Affirm now has 1,000 retail partners

Consumer lending startup Affirm has tried to make it easier for people to make big-ticket purchases at checkout, by providing financing options that it believes are better than using a credit card.

Today Affirm has announced that it has more than 1,000 merchants signed up to offer its financing options at checkout, helping to reduce the friction around making large purchases and, by extension, increasing sales for its partners.

While promoting its most recent milestone, Affirm is also trying to get across the message of how it’s different — and frankly, better — than point-of-sale financing options of the past. As a result, the company is pushing a marketing campaign around “honest finance” to enumerate the ways in which Affirm helps consumers by providing more access and better terms for big-ticket items.

After decades of predatory lending practices at checkout, it’s no wonder Affirm is trying to distance itself from the competition. Retailers seeking to boost sales previously aligned themselves with financing partners who sought to hoodwink consumers into adopting revolving credit lines built on compound interest, hidden fees and small print.

While advertisements promoted zero-percent interest on the cash borrowed to make a purchase, the banks financing those credit lines made the bulk of their money off of fees that inevitably sprung up if a consumer didn’t pay them off before the end of a certain term, or if they made a late payment.

So you can understand the skepticism of some people when offered the following financing offer while looking at a pair of $400 pants:

It’s easy to debate the merits of financing a pair of ugly, expensive pants, but for Affirm CEO Max Levchin, that misses the point. It’s not the lender’s job to decide if a borrower should buy a thing, but whether or not she will be able to pay back the loan.

“We cannot be judgmental but we must be proscriptive,” Levchin told me. “If you can’t afford a $200 dress [or presumably, a $400 pair of pants], maybe we’re not helping those people.”

That is, the goal is not to place judgments around what one consumer may value over another. The same borrower who finances a $2,500 couch using Affirm may think the guy buying a $2,500 road bike is out of his mind.

In that way, Affirm is agnostic. All it cares about, really, is whether or not the borrower can afford to pay back a loan and if the terms are fair. Which brings us to the second criticism of the $400 pants example — i.e. the 10 percent APR for 12 months.

You might say that the interest rate is high for a short-term loan, but the company would probably argue that it’s better than using a credit card and certainly better than point-of-sale financing options of the past.

Furthermore, Levchin points out how transparency is an important part of the way the financing is messaged to the consumer. “We express the interest in both rates and dollars,” he said. The interest is capped and there are no wacky fees to surprise the consumer.
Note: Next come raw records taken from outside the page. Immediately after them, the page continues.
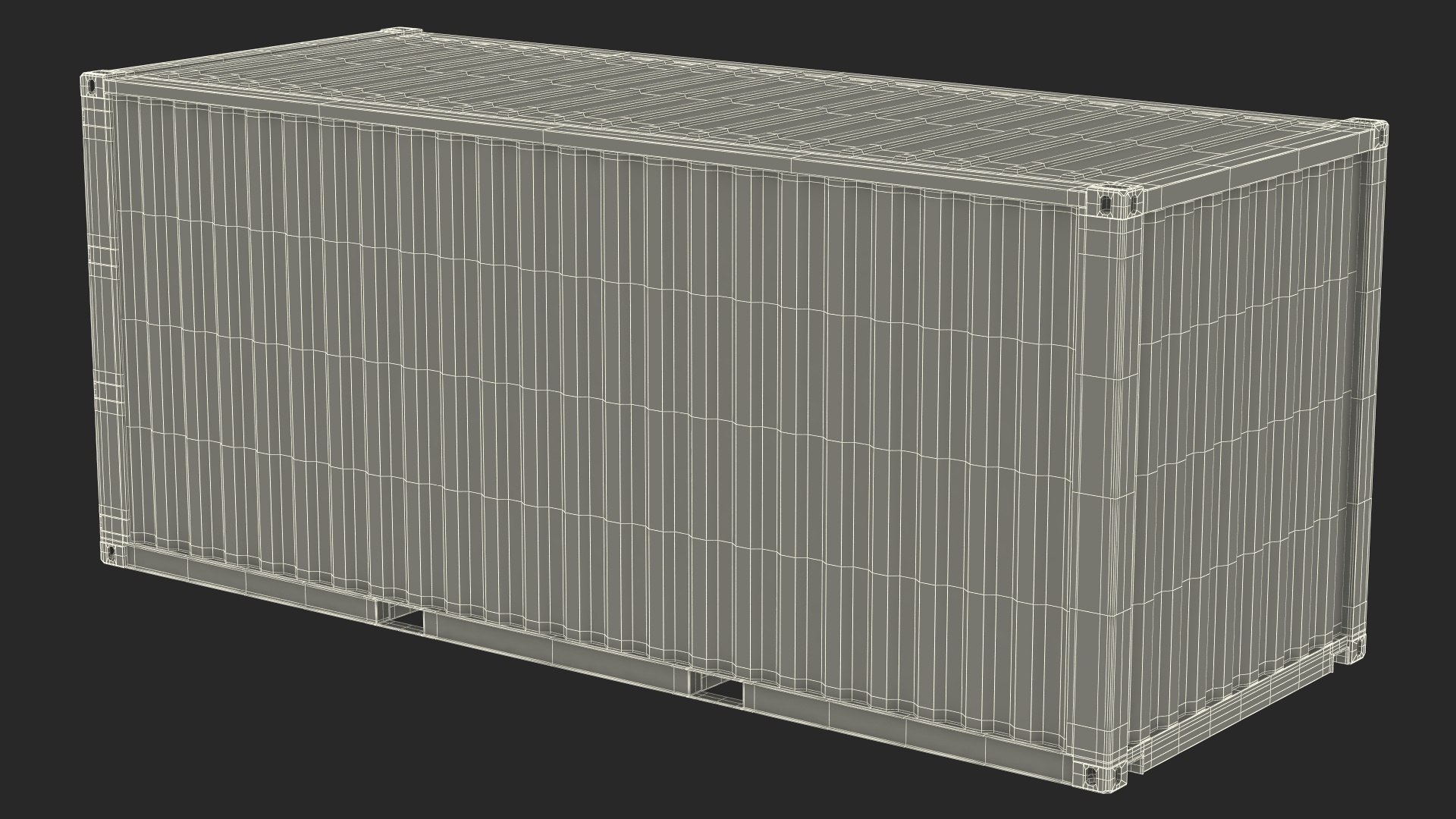 3D Cargo Shipping Container 20 ft https://p.turbosquid.com/ts-thumb/s2/7zKZlF/c7/cargoshippingcontainer20ftvray3dmodel028/jpg/1711008094/1920x1080/fit_q87/21bd9d66e47c5ae9c2f883fb6099c76bb137909f/cargoshippingcontainer20ftvray3dmodel028.jpg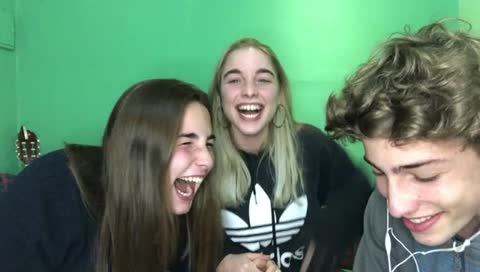 voooooooooooooooy, y ahora vooooooooooooy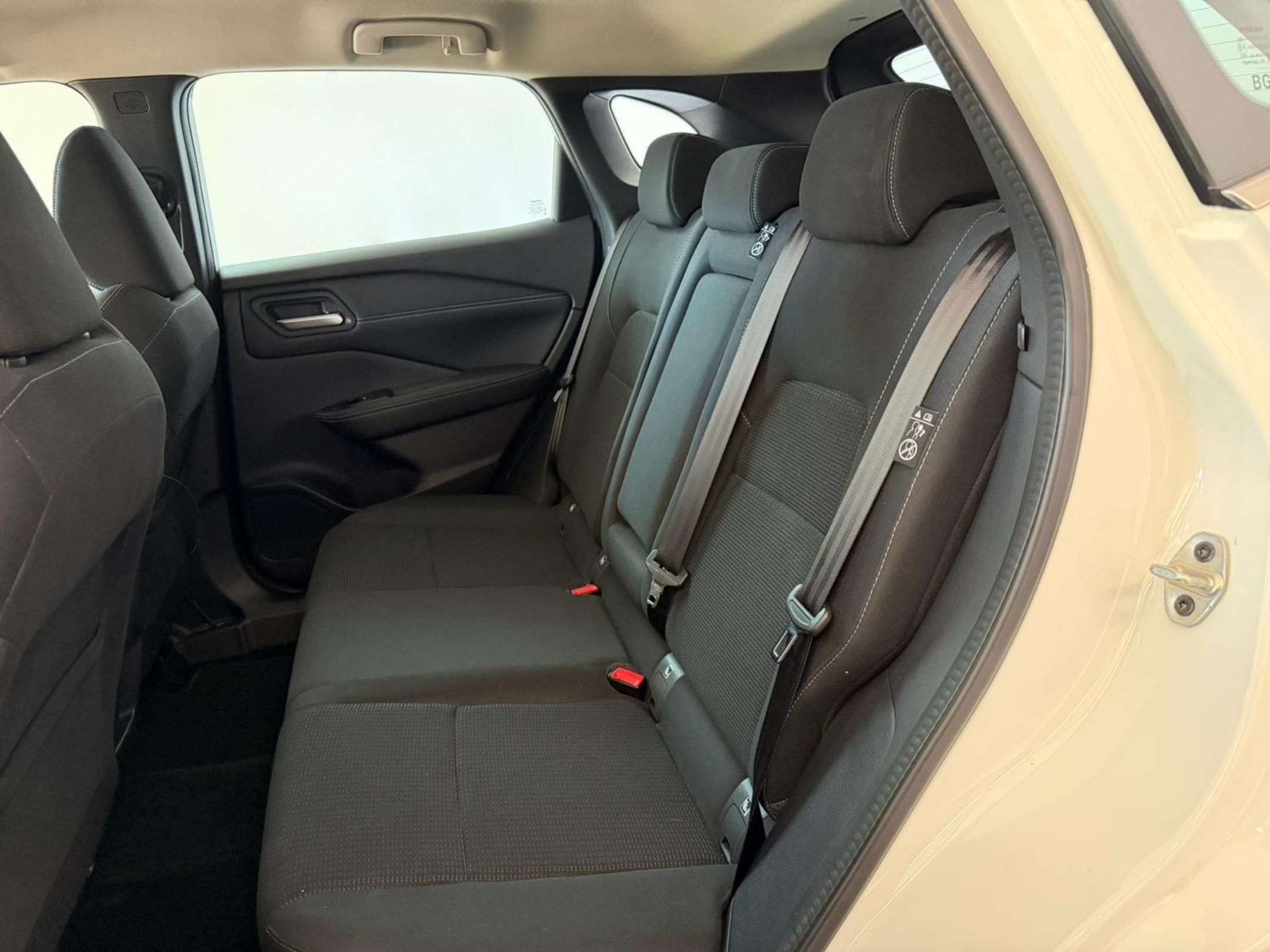 👉MENO MILLE👈 NISSAN QASHQAI SUV 1.3 MHEV 158 BUSINESS XTRONIC - 935 - 7 - AutoCerra - Concessionaria | Officina a Lamezia Terme 👉MENO MILLE👈 NISSAN QASHQAI SUV 1.3 MHEV 158 BUSINESS XTRONIC – 935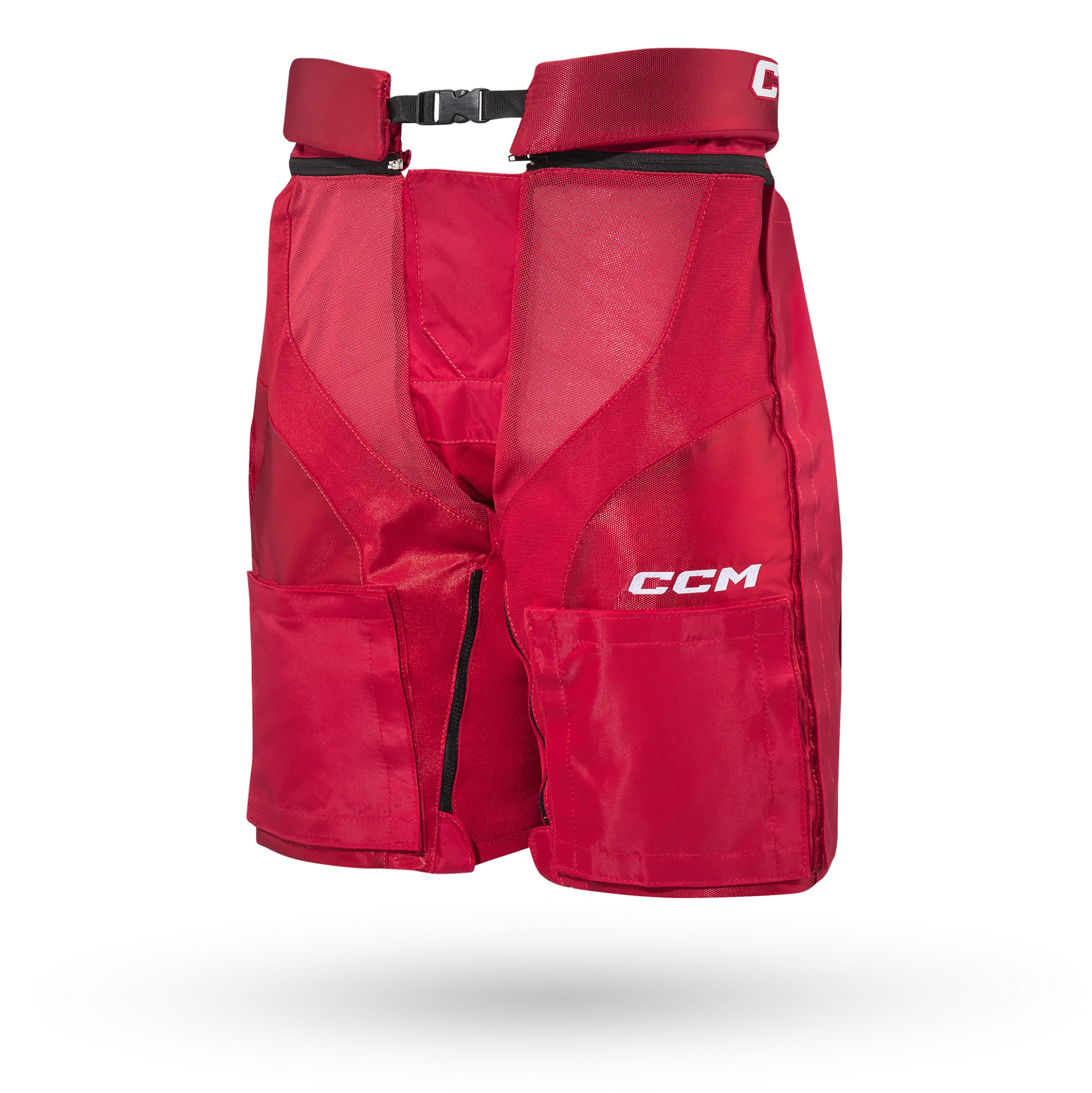 JetSpeed Girdle-Überhose Senior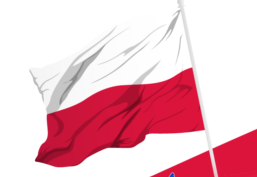 logo projektu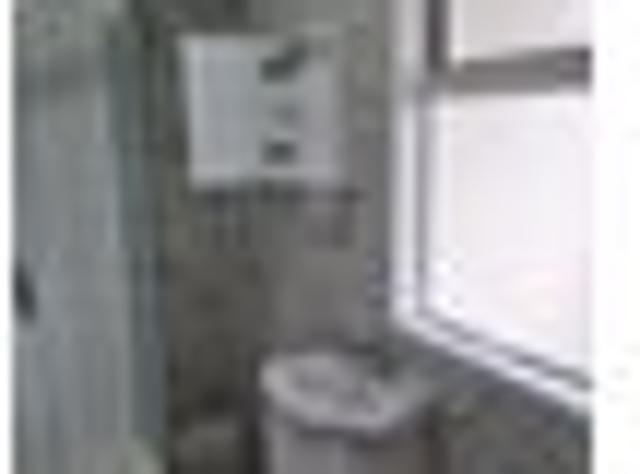 Apartment for rent in Panmure, Oroua County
Fairness — i.e. not charging compounding or deferred interest — is one part of Affirm’s idea of “honest finance,” and so is simplicity. But another aspect is Affirm’s ability to provide access to credit for borrowers that might not qualify for other short-term loans or credit cards — and certainly wouldn’t qualify on the same terms.

Because it doesn’t rely as heavily on FICO or other credit agencies, and has instead has built its own ID verification and fraud prevention techniques, Affirm is more comfortable extending credit to consumers that might have a thin credit file, for instance.

And Affirm says it will never extend credit to someone it doesn’t think will be able to pay the loan back. In that way, the company is setting itself apart from more predatory lenders that issue credit lines while banking on late fees.

Affirm hopes the idea of honest finance will cause more retail partners to sign up, as it not only helps them increase sales, but also helps them avoid the fallout when customers think they’re screwed by financing partners. At least, that’s what the company is betting on with its latest campaign.